Australian airline Qantas sheds 5,000 jobs after $235m loss
Qantas Airways says it will shed 5,000 jobs as it posted a first-half loss of AUD $235m (€153m) amid tougher competition, sending its shares down more than 7%.
The loss for the six months to December 2013 followed a AUD $111m (€72.5m) profit for the same period a year earlier. The loss excluding one-time factors was $252m.
The airline has struggled on international routes and its dominance on Australian domestic routes has been eroded.
The Australian flag carrier said the 5,000 jobs would be slashed as part of plans to reduce costs by two billion dollars over three years. The job cuts amount to just under one sixth of Qantas’ workforce of 32,000.
Qantas Airways chief executive Alan Joyce said the fleet would be reduced from 11 to seven aircraft types and wages would be frozen until the airline made a profit. He will discuss the job cuts with unions tomorrow.
Australia had been “hit by a giant wave of international airline capacity” with a 46% increase in passenger seats since 2009, more than double the global increase of 21% in the same period, he said.
“We are facing the toughest conditions Qantas has ever seen,” Mr Joyce said. “This performance by our airlines is unacceptable and the current position is unsustainable,” he said, referring to Qantas and its Jetstar Group subsidiary.
The Australian government is considering reducing foreign ownership restrictions legislated in 1992 before the state-owned airline was privatised, which would allow the airline to receive a cash infusion by bringing in a new investor or investors.
The government has also discussed with Qantas providing a standby debt facility backed by a government guarantee, for which Qantas would pay a fee.
Qantas argues that the 49% cap on foreign ownership, 35% limit on ownership by foreign airlines and 25% cap on ownership by any single foreign investor put it at a disadvantage against state-owned competitors in raising capital.
Prime minister Tony Abbott said the government was determined to create a level playing field for the airlines.
“We want to ensure that Qantas is not competing against its rivals with a ball and chain around its leg,” he told parliament.

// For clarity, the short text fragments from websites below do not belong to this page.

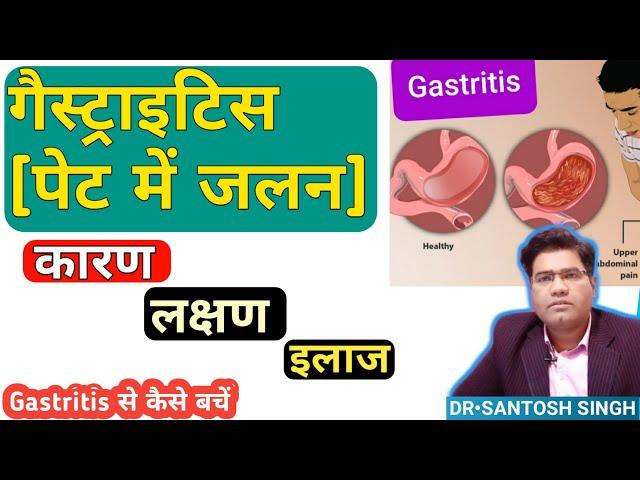 What are Gastritis Symptoms, Cause and Treatment (Explained In Hindi) | - How to Prevent it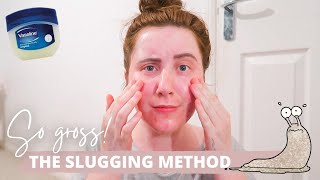 I Tried SLUGGING For A Week With ACNE Prone Skin [upl. by Nauqahs]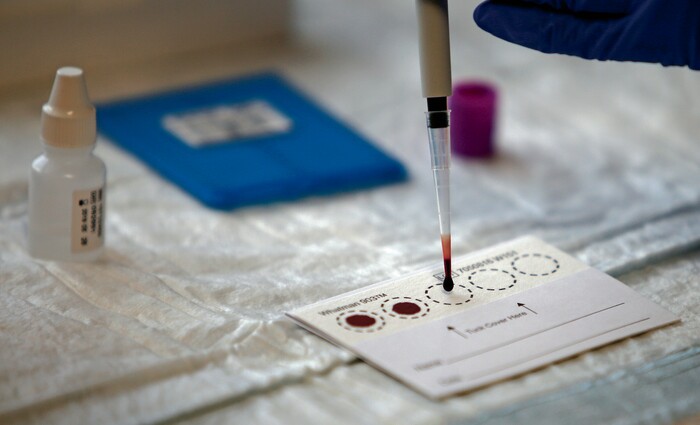 (Luis Sánchez Saturno | Santa Fe New Mexican | The Associated Press) In this Wednesday, April 25, 2018 photo, Tamara Flys, director of research at Southwest Care in Santa Fe, N.M., prepares dried blood spots with a patient's blood sample to be sent out for testing. The HIV/AIDS clinic has been at the forefront of AIDS research over the past 30 years.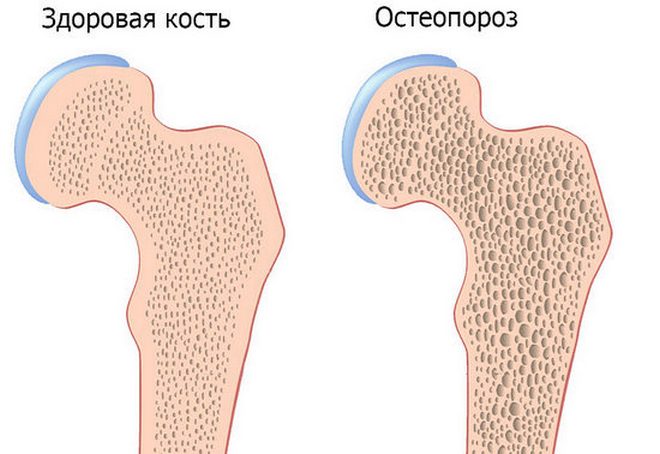 Остеопороз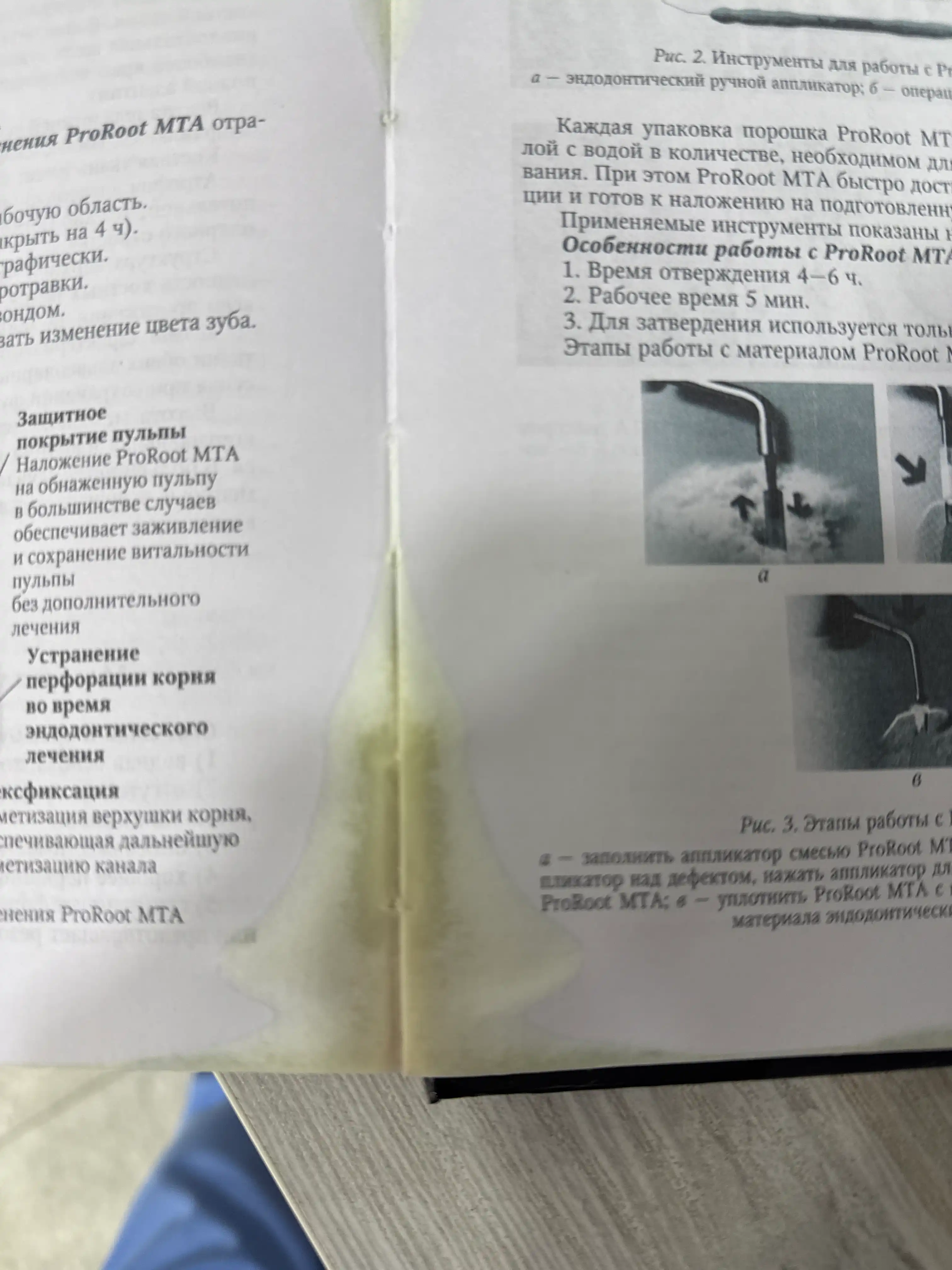Sovremennyye podkhody k endodonticheskomu lecheniyu zubov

State-owned Air New Zealand, which has 24.5% stake in Qantas’ major rival Virgin Australia, posted a record half-year profit of £70 million. That result was a 40% improvement on the same period a year earlier, and came despite a 1.6% fall in revenue.

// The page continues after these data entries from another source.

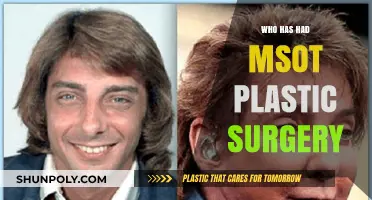 Unveiling the Celebrities with the Most Plastic Surgery Transformations
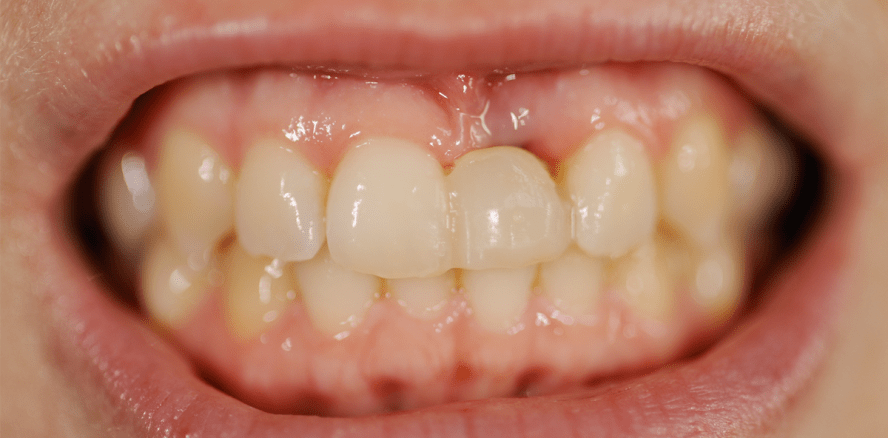 Sofortimplantation mit einteiligen Implantaten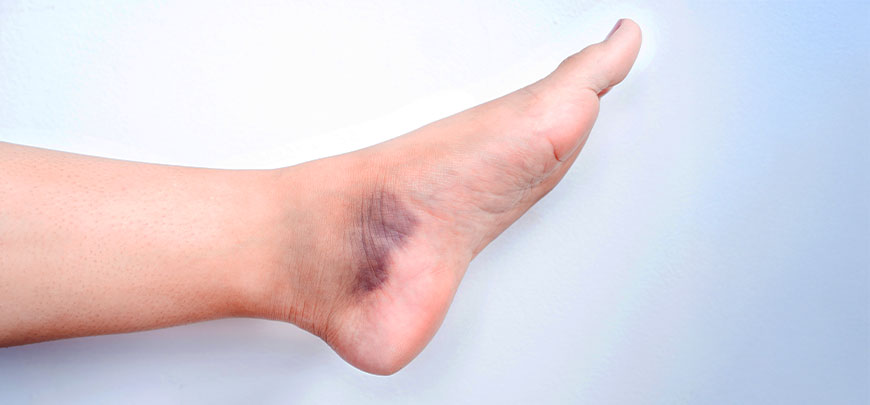 patient needing sprain treatment in Hayward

Mr Joyce put much of the blame for the poor Qantas result on an “uneven playing field” with Virgin Australia, which is 64% owned by three state-owned carriers Air New Zealand, Etihad Airways and Singapore Airlines.
“The Australian domestic market has been distorted by current Australian aviation policy,” he said.

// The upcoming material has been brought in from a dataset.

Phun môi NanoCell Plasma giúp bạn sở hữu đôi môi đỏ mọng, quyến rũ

“Late last year, these three foreign airline shareholders invested more than 300 million dollars in Virgin Australia. That capital injection has supported continued domestic capacity growth by Virgin Australia despite its growing losses.”
Qantas warned in December that its loss could be as high as AUD $300m and that 1,000 jobs would be shed. That warning led to Qantas’ debt being downgraded from investment grade to junk.
Qantas shares were among the worst performers on the Australian stock market today, falling 7.1% to 1.18 dollars.
Tony Webber, a Sydney University economist who until 2011 was chief economist at Qantas, said the airline’s international business “seems beyond repair”.
“The domestic business and the regional business is still an exceptional business. It will make money eventually, it’s just in a cyclical downturn,” he told Australian Broadcasting Corporation radio.
Mr Webber was critical of Mr Joyce’s strategy of attempting to maintain Qantas’ 65% share of the Australian domestic market by expanding the number of Qantas seats on offer faster than Virgin.
“It’s completely flawed. I think that’s damaged Qantas domestic earnings enormously,” he said.
“We know that Qantas’s own capacity hurts Qantas yields or pricing more than its rival’s capacity expansion.”